## RECORD EXCERPTS
━━━━

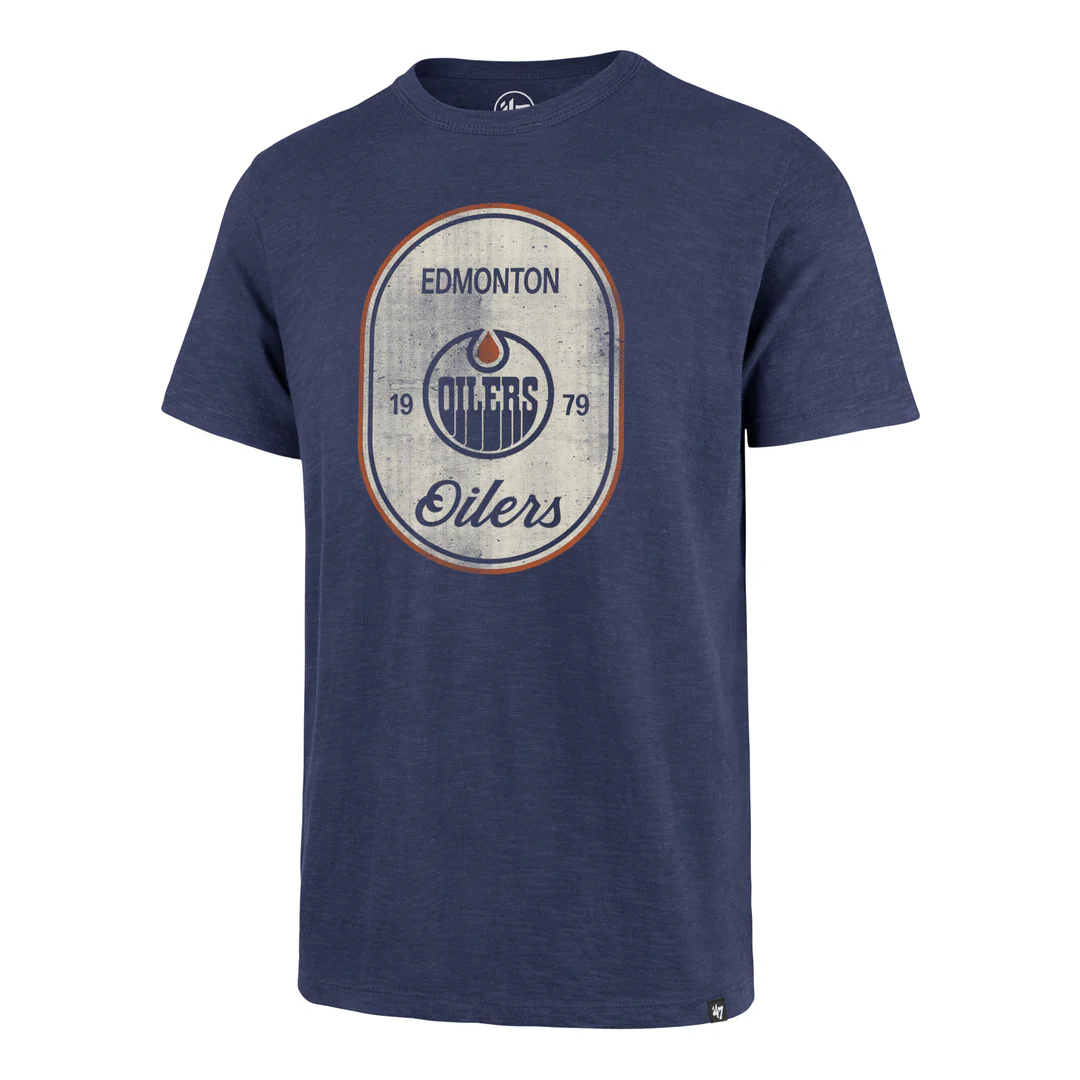 '47 Brand Men's NHL Edmonton Oilers Cross Patch Scrum T-Shirt
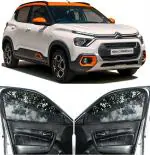 Able Sporty Car Magnetic Sun Shade Curtains with Zipper for Citroen C3 Set of 4 Pcs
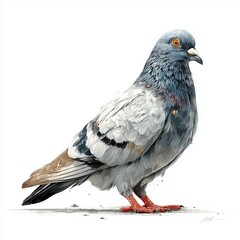 Naklejka premium Minimalist Pigeon Illustration – Cute Cartoon Vector Bird on White Background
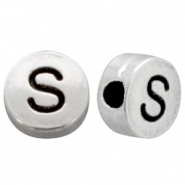 Abalorios letras met&aacute;licos DQ S Plata vieja (sin n&iacute;quel)
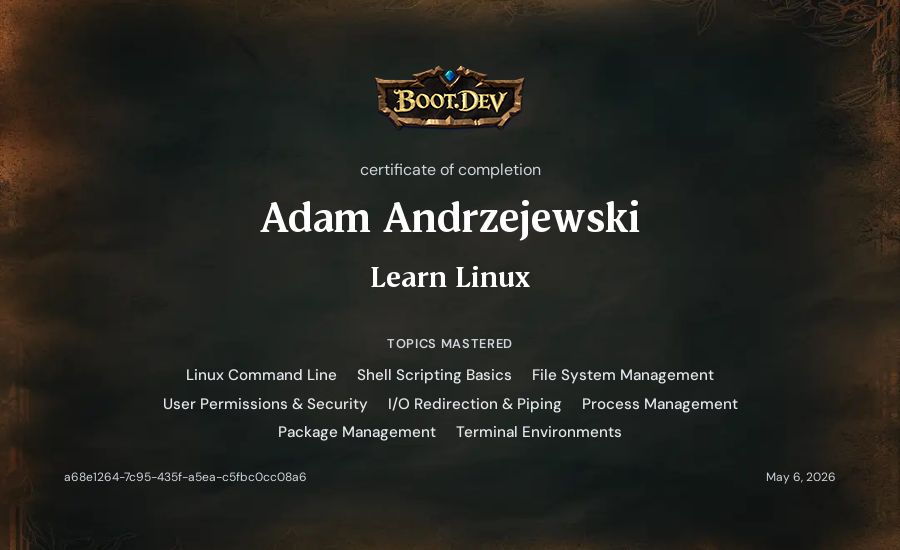 Adam Andrzejewski's Boot.dev Learn Linux certificate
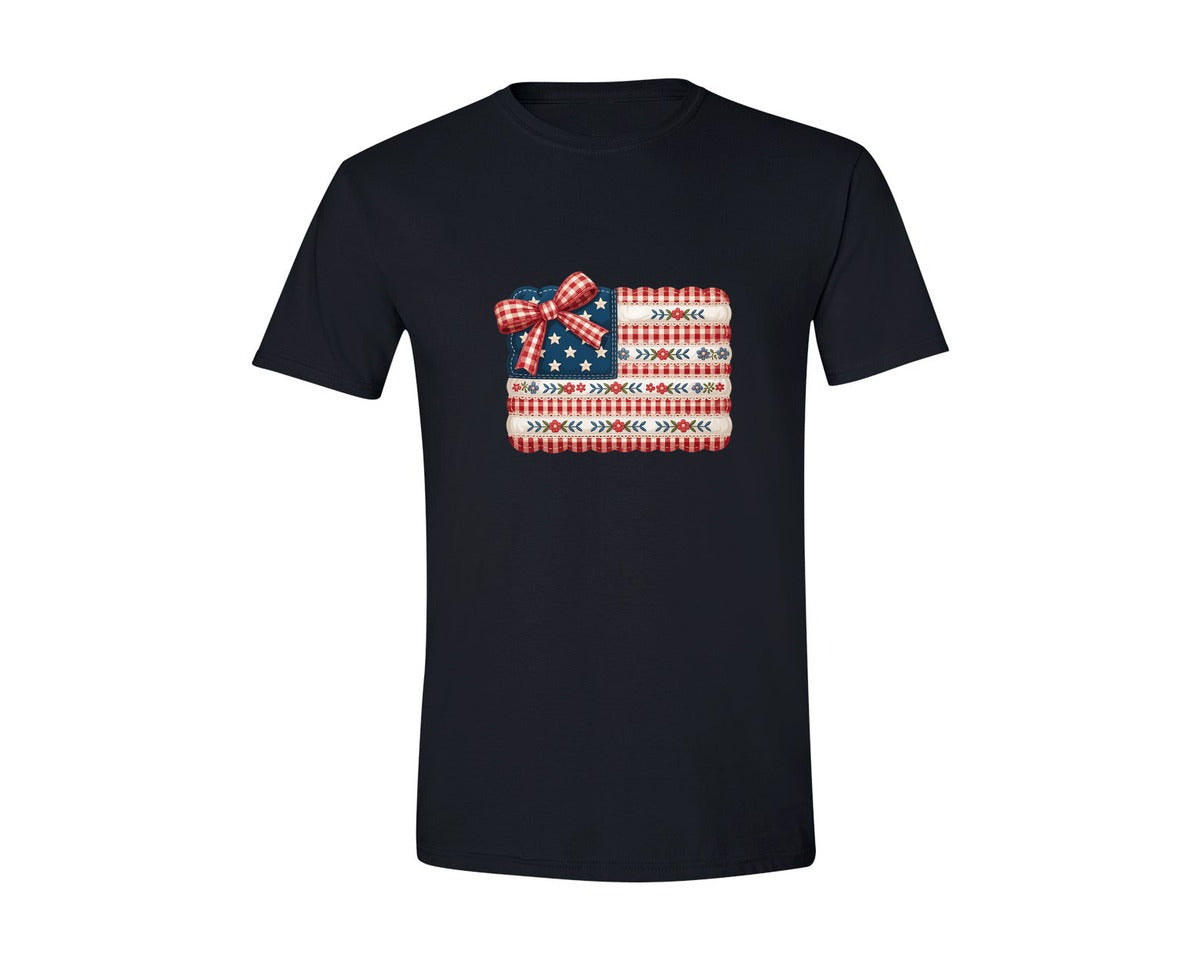 brand:Generic|color:Black|Patriotic Patchwork Flag 4Th Of July Graphic T-Shirt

━━━━

## ACTIVITY
Beginning with the line containing "Adam Andrzejewski's Boot.dev" and ending with the last line of the listing above, output those lines exactly as written, without pictures.

## ANSWER AREA
 Adam Andrzejewski's Boot.dev Learn Linux certificate
 brand:Generic|color:Black|Patriotic Patchwork Flag 4Th Of July Graphic T-Shirt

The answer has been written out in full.